# Super Dust Deputy



## coxhaus (Jul 18, 2011)

Is anybody running one of these? I am considering one to build my new DC. Not to be confused with the shop vac Dust Deputy. I am looking at one for a 2 HP motor.

What kind of can are you running under the Super Dust Deputy?

The other thing I am thinking is to run a separate unit rather than inline as it would be easier to build. I would just connect the Super Dust Deputy to my DC with a 6 inch hose or pipe.


----------



## sunnybob (Apr 3, 2015)

I dont follow that. Are you saying you want to put the dust deputy AFTER the dust collector?
If so, theres no point.


----------



## coxhaus (Jul 18, 2011)

No sorry to be confusing the SDD output side would connect to the input for the motor and fan unit. The SDD input would connect to the tools like the bandsaw. The motor and fan unit output will blow to the outside outside without any bags or filters on it.

I want the SDD to keep from blowing a pile of saw dust outside.


----------



## sunnybob (Apr 3, 2015)

OK. That is "in line"... machine, dust deputy, fan unit, exhaust.

Dust deputy's are very efficient at collecting medium and heavy chips and dust, but a lot of very fine dust will still get past it. Its the fine dust thats the killer in your lungs. Unless you live in the wild outback, you would want some kind of fine filter to stop the minute stuff blowing around your house 
My motor unit still has a fine paper bag over a truck type air cleaner inside the motor unit, and that clogs often, even when the 12 gallon drum has no chips inside it.


----------



## coxhaus (Jul 18, 2011)

My motor unit will be in a kind of shed built against my shop so there is a brick wall between me and my shed. Also I don't want the dust in the shed so the motor unit's output will go through the shed wall out away from my shop. The output will be far from the house as the is shop 20 feet or so away and the planed output will be 50 feet or more from the house. So I don't think I need a filter. I just want to minimize the dust pile outside. I thought the SDD would spin and capture the fine dust. Is this not the case?

PS
I guess I should add I don't want to clean a filter. I can only hold my breath for so long without breathing what is coming out of the filter. It is not a job I want to do. If I blow it outside then nothing to clean.


----------



## DesertRatTom (Jul 3, 2012)

I would want at least a 30 gallon container under the DD, and I still think you need some kind of filter at the output end because there will be plenty of fine dust blowing out there. It will look a little like a snow covered area pretty quickly. Consider a dust mask for the occasional cleanout. I have a 2hp unit that has a canister filter on it, so I don't have to blow out the AC cooled air in summer or the warm shop air in winter. Cleanup is to blow air into the filter from the outside so it falls back into the collection bag. The fine dust never comes out of the system until the bag gets emptied. I think the big Dust Deputy is a pretty good DC device given how many of the industrial grade collectors have a cone like it.


----------



## coxhaus (Jul 18, 2011)

My shop is always open. I have a cross breeze with 2 doors and a couple of Window fans. None of this is shared where the planed DC will exit. I would rather reduce how much of the dust I breath. I also have a Jet air filter running inside my shop. Air turnover seems like the best bet for not breathing the small particles you can't see to me.

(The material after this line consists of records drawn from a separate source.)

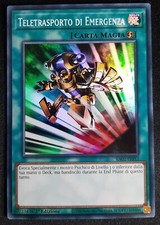 TELETRASPORTO DI EMERGENZA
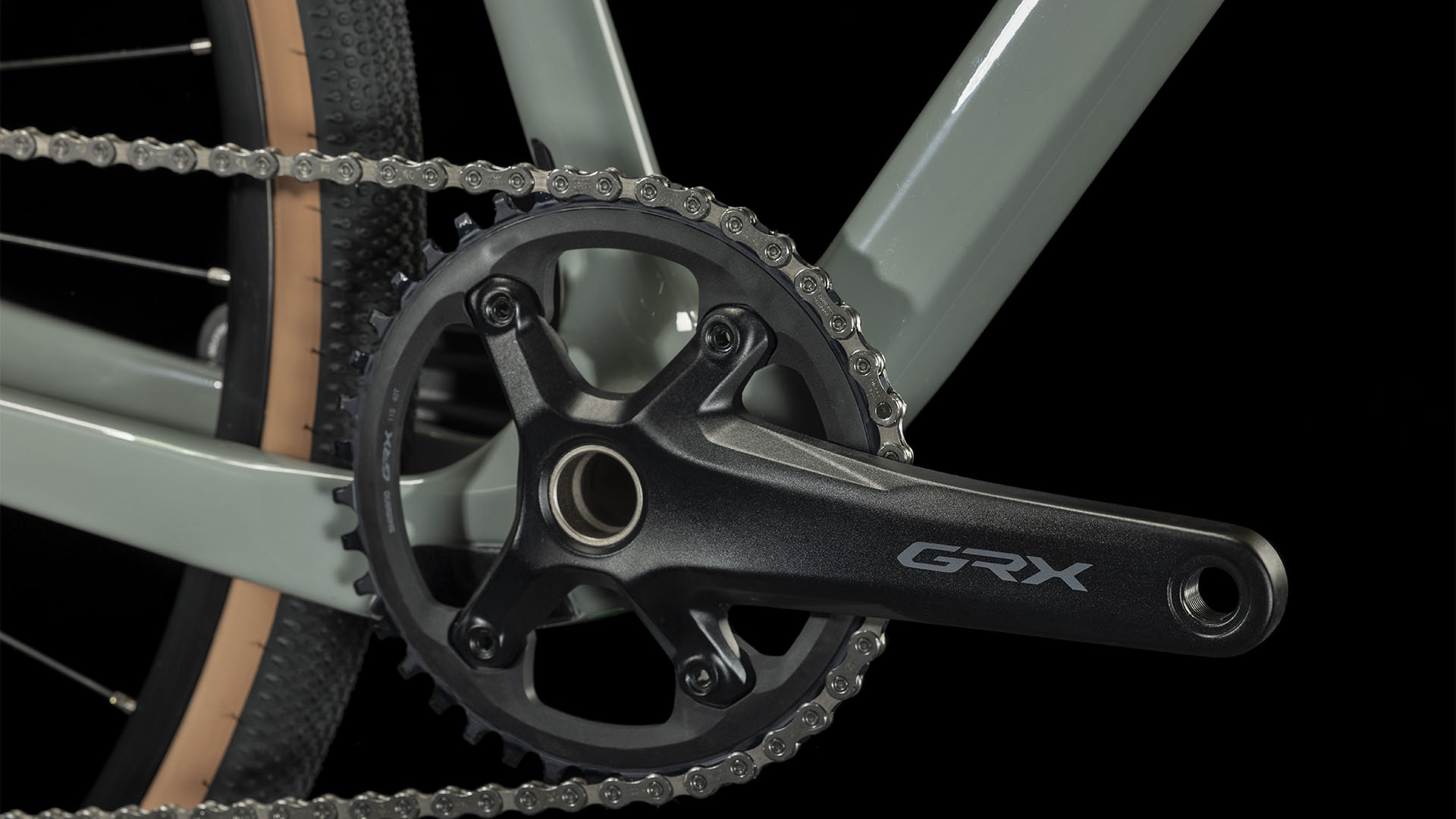 Cube Nuroad C 62 Pro Swampgrey N Black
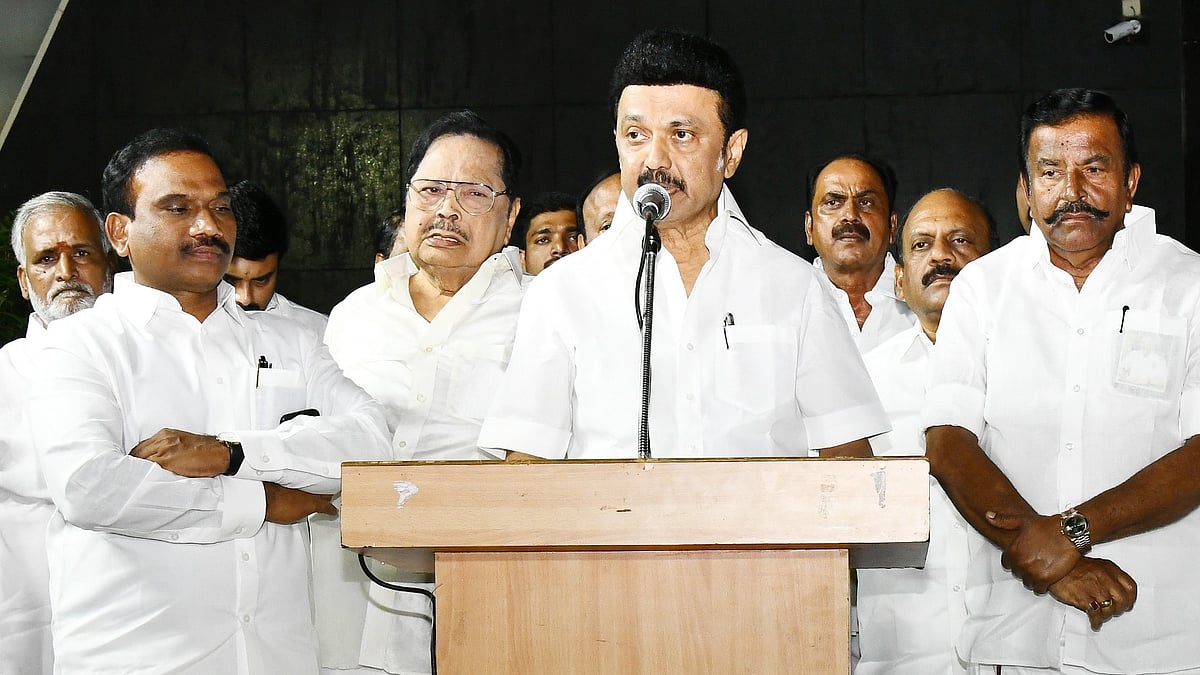 ”பா.ஜ.க வீழ்த்தப்படும்; 2024ல் புதிய இந்தியா உருவாகும்”.. முதலமைச்சர் மு.க.ஸ்டாலின் நம்பிக்கை!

I really don't want the outside area to look covered in saw dust. Is there not a cyclone which will capture enough of the dust to stop this? 

So I gather that no one here is running a Super Dust Deputy here?

Here is my dust pump which I want to add a cyclone to.


----------



## greenacres2 (Dec 23, 2011)

I've been thinking of something similar for a while. Hobbyist, rural, shop is a 3 car garage, no heat or air. Now running HF with a Thein baffle ahead of it (30 gallon steel drum--heavy even when empty!!). My thought has been to build enclosure on back side of garage (300 acres of corn or soybeans behind us), with all chips and dust directed down into a 96 gallon wheeled trash can. Garage is on the back side of the property, farm field behind it so fines on the ground would be acceptable. Wheeled container would be a lot easier to empty than carrying that steel drum to the "pile". 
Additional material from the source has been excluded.